Anyone with teenage boys knows that getting information out of them is like pulling teeth. One would think I was asking them to give up State secrets when I ask the simplest of questions.
How was your day? Fine.
Did you have a good practice? Yeah.
Who all was at so and so's house? I dunno. A lot of people.
What did you do? Chilled.
Sometimes, a shrug and a vague noise is all you get, so a multi-word answer, or even a multi-syllabic answer, is an achievement. The exceptions, of course, are when the teenage boy is inconvenienced, has created a problem he needs you to solve, or he wants something.
My solution? Eavesdropping. And the best place to eavesdrop is the car.
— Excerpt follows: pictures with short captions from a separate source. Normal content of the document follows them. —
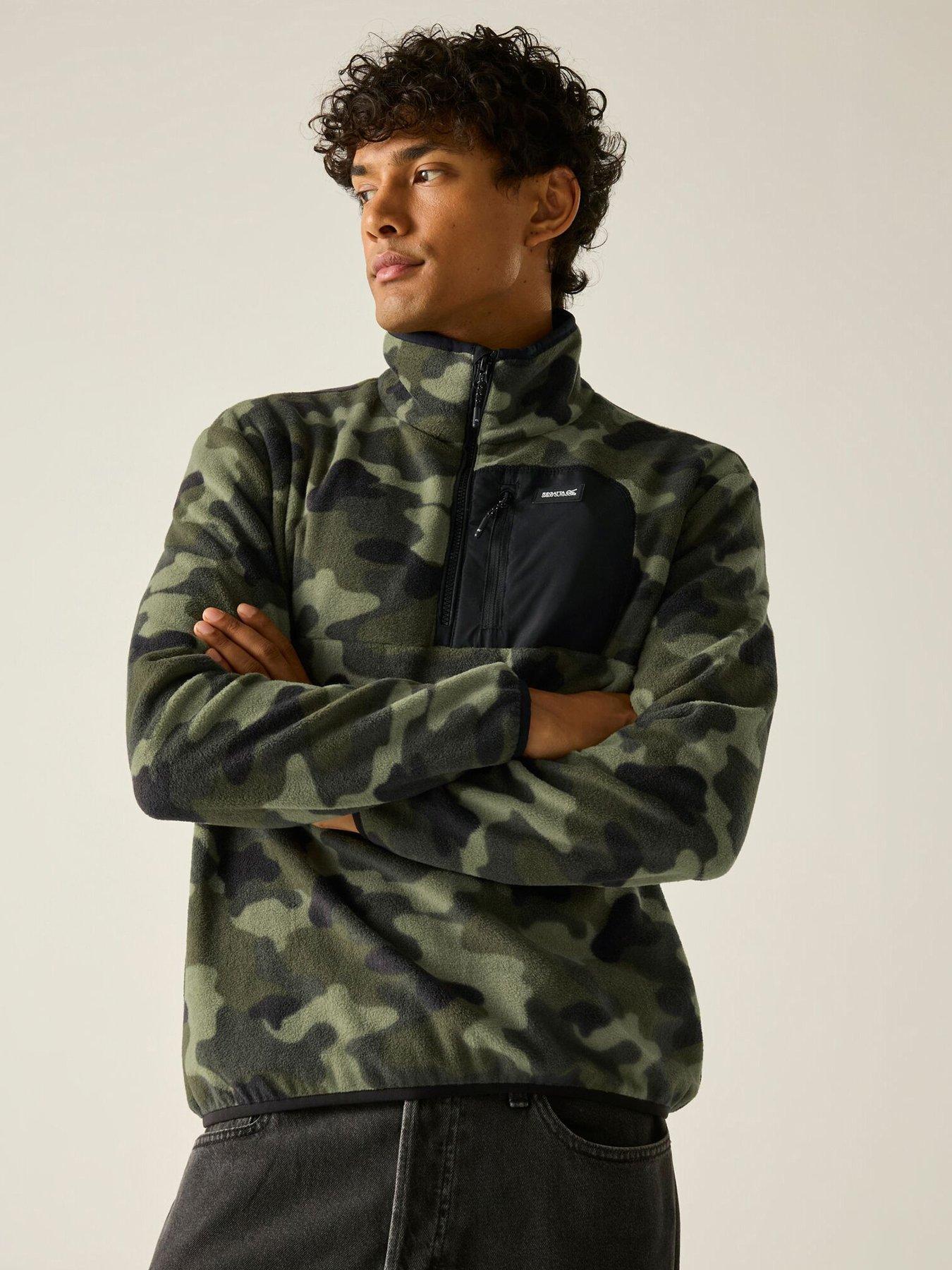 Image 1 of 7 of Regatta Mens Frankie Half Zip Fleece With Zipped Pocket - Green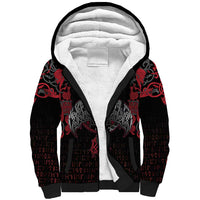 Black Dragon Vikings Sherpa Hoodie - Wonder Print Shop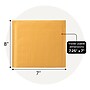 Staples Self‑Seal Bubble Cushioned CD/DVD Mailers, 7.25” x 8”, Kraft — 25/Carton~#|#~2B79F570-EBD3-4370-AC54BD68494AA705_sc7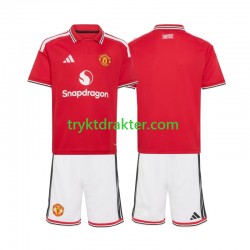 3-13 år Barn Manchester Utd drakt Hjemme 2026-2027 Korte Ermer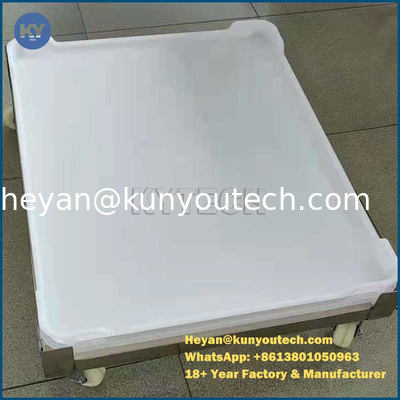 Qualität  PP/ABS Material Flat Bottom Plastic Drying Tray 758x608x40mm for Capsule Drying Fabrik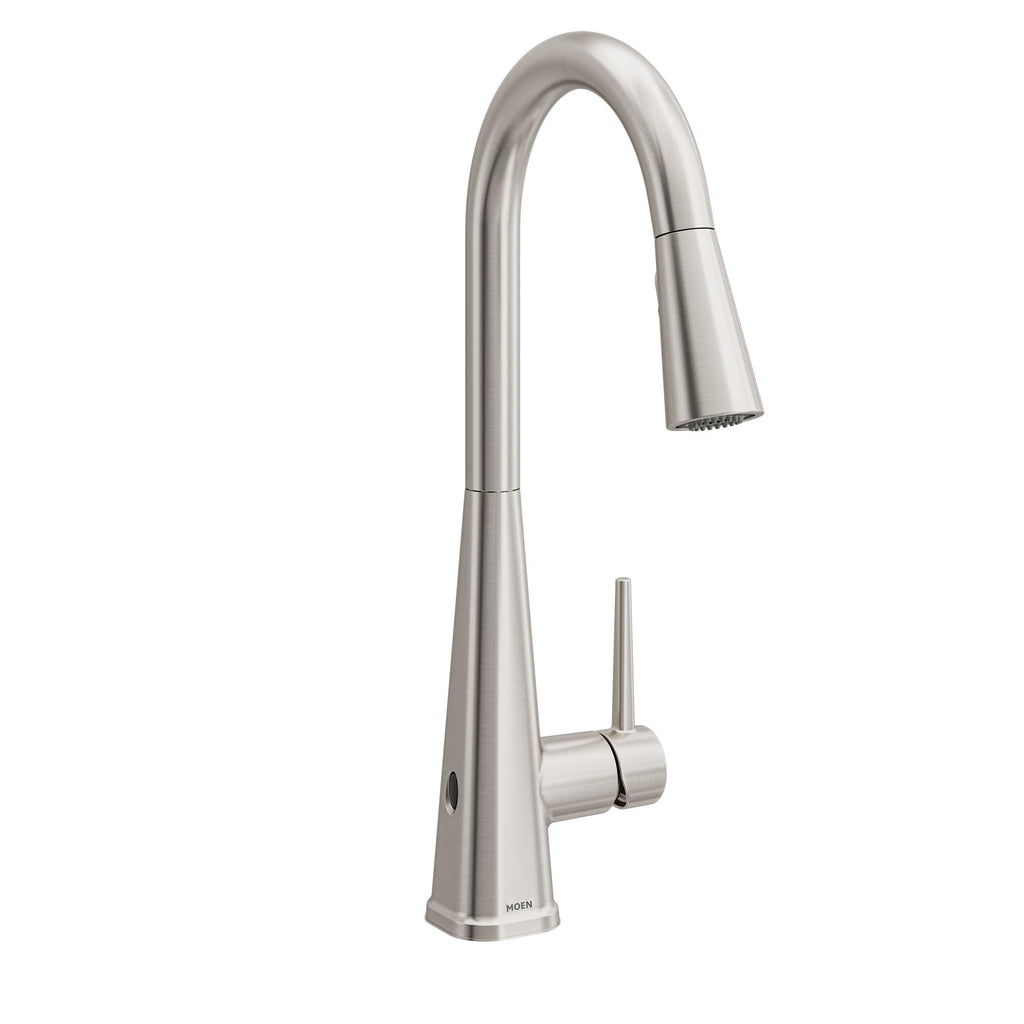 Moen Swyre Spring Pulldown Kitchen Faucet, Bronzed Gold, 87538BZG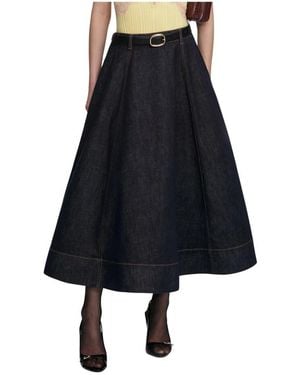 Self-Portrait Denim Skirts - Black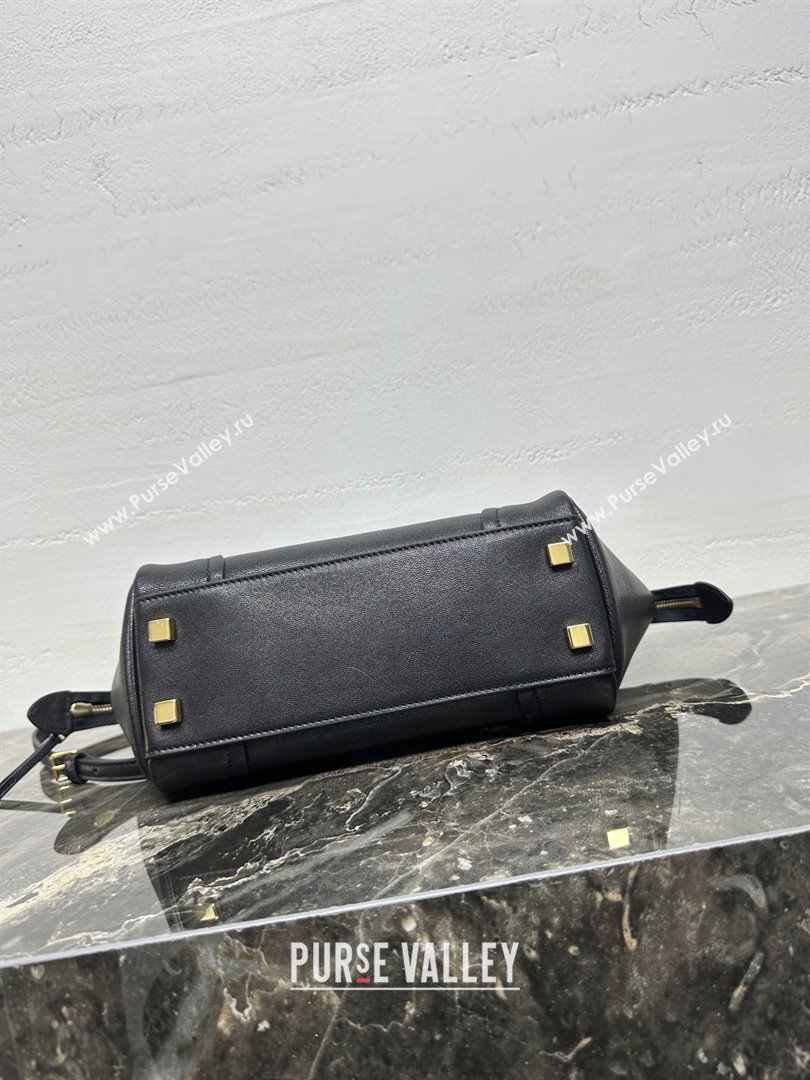 Celine Small New Luggage in Supple Shiny Lambskin 124213 Black 2025 (BL-25120907)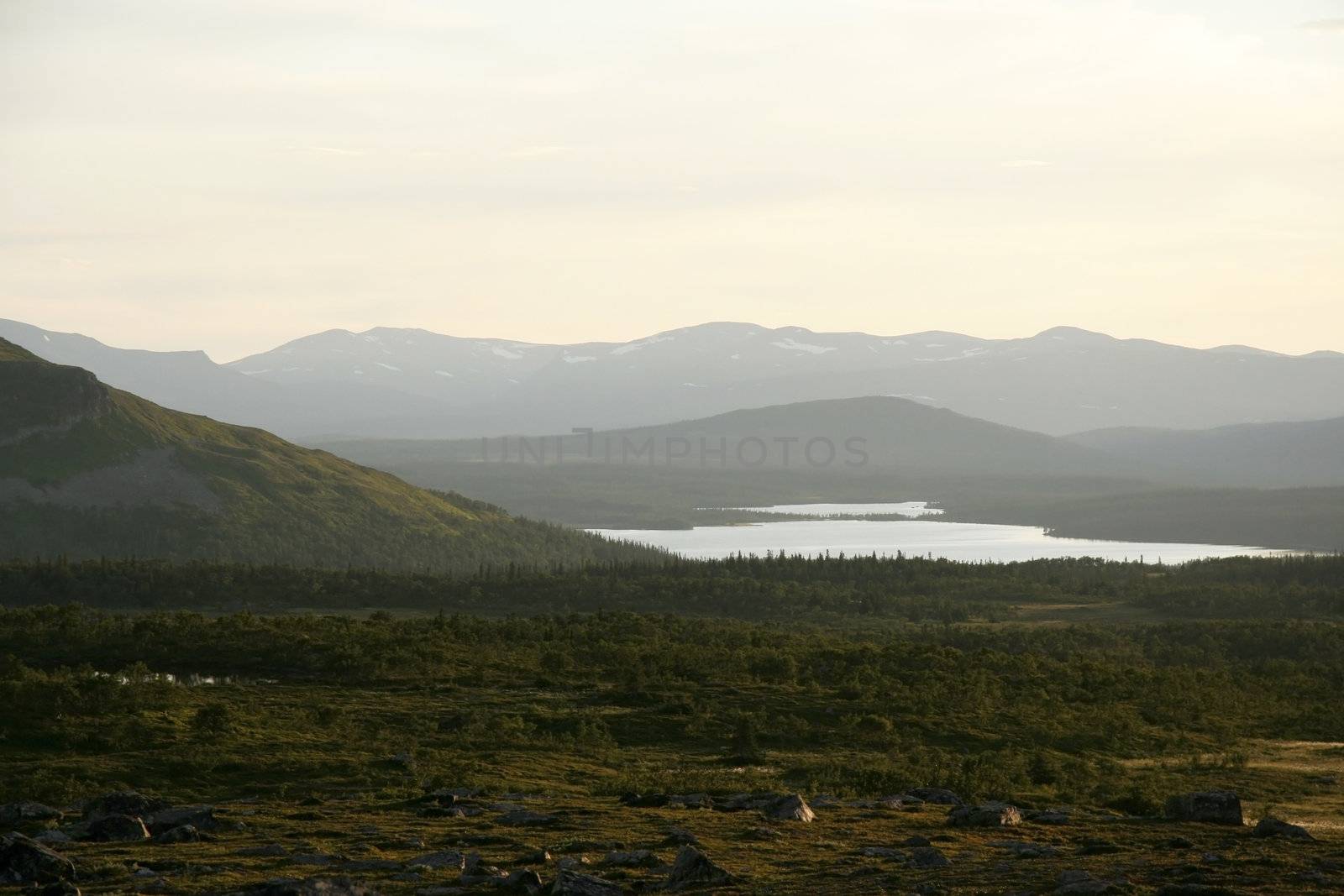 Beautiful mountain landscape of Sweden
I know, I know. Eavesdropping is a morally gray area. Before you think ill of me, let me remind you that knowledge is power, and when responsible for the well-being a of a teenager, you need all the knowledge you can get. I wasn't really aware of how much I eavesdropped until my eldest got his driver's license. The sudden dearth of information had me trying to figure out why. I realized it was because I was no longer hauling all of his friends to school, to practice, to the movies, or wherever it was they wanted to go. Thankfully, I still have a year before my youngest starts driving.
When you put two or more boys in the car with you, you become invisible. If you keep your mouth shut and stay invisible, you find out all kinds of interesting things.
Kid 1: Did you know tomorrow is pretty girl's birthday?
Kid 2: (Chuckling) No. I don't have clearance for that kind of information. I'm lucky if I get a nod in the hall.
Kid 1: As long as you're dating pretty girl 2, you never will.
A long conversation ensued about who liked whom and who was in the right crowd to get an invitation to pretty girl's birthday party. It was an information gold mine.
Sometimes, I can't keep from laughing, and it either shuts them down or encourages them.
Kid 1: Mrs. Teacher went off the other day in class. I've never seen her like that before.
Kid 2: What happened?
Kid 1: She opened the window and there were ducks outside quacking.
Kid 2: She went off because ducks were quacking?
Kid 1: No. She went off because Goofball kid answered the ducks every time they quacked.
Kid 2: Huh?
Kid 1: Yeah. The duck went (quacking noise) and the kid went (quacking noise) and then the ducks got mad and then Mrs. Teacher just went off.
At this point, I couldn't help myself. The combination of the sound effects and the visual image of the teacher (who is my good friend) losing it over the ducks cracked me up. When Kid 1 realized he was entertaining me, he went into a five minute comedy routine on the antics of Goofball Kid in Mrs. Teacher's class. My son joined in, and I finally got a real answer to "How was your day?"
There are days when I can't wait for young son to get his license, those days when I've made 3 trips back and forth to school and driven all over the county to chauffeur him to this friend or that friend's house. Then I hear him talking about a friend's first date and first kiss (yes, I'm that invisible sometimes), and I mourn the day I won't be riding in cars with boys.